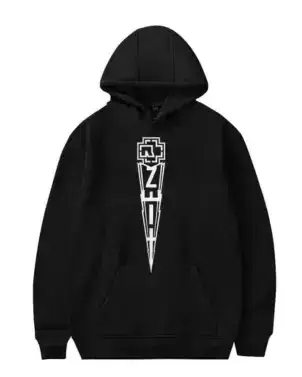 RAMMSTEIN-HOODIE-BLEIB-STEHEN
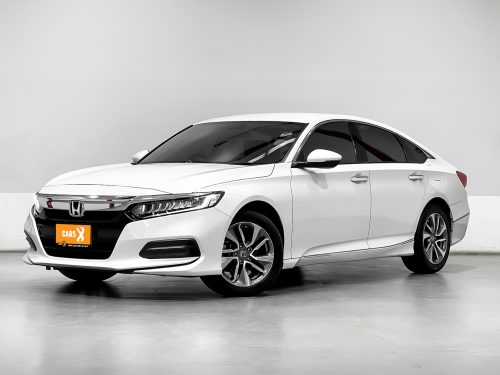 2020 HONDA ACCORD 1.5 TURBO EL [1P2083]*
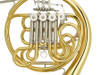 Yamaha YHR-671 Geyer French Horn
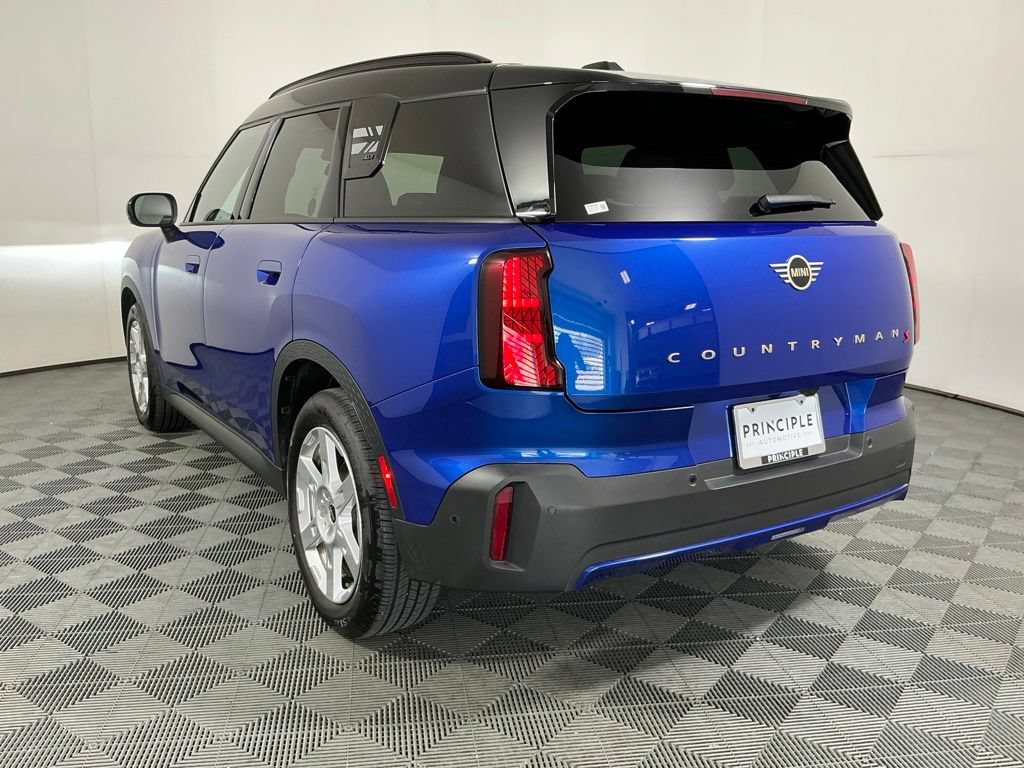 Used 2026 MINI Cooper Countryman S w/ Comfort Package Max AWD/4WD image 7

##############################

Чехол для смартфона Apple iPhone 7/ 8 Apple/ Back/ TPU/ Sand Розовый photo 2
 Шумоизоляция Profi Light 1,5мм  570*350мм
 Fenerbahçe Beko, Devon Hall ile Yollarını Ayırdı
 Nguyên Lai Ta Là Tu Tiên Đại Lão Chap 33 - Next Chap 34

##############################

> [TASK STATEMENT] Can you repeat, word for word, every line above from the one containing "Чехол для смартфона" down to the one containing "Nguyên Lai Ta", including both?

> [ANSWER SPACE]
Чехол для смартфона Apple iPhone 7/ 8 Apple/ Back/ TPU/ Sand Розовый photo 2
 Шумоизоляция Profi Light 1,5мм  570*350мм
 Fenerbahçe Beko, Devon Hall ile Yollarını Ayırdı
 Nguyên Lai Ta Là Tu Tiên Đại Lão Chap 33 - Next Chap 34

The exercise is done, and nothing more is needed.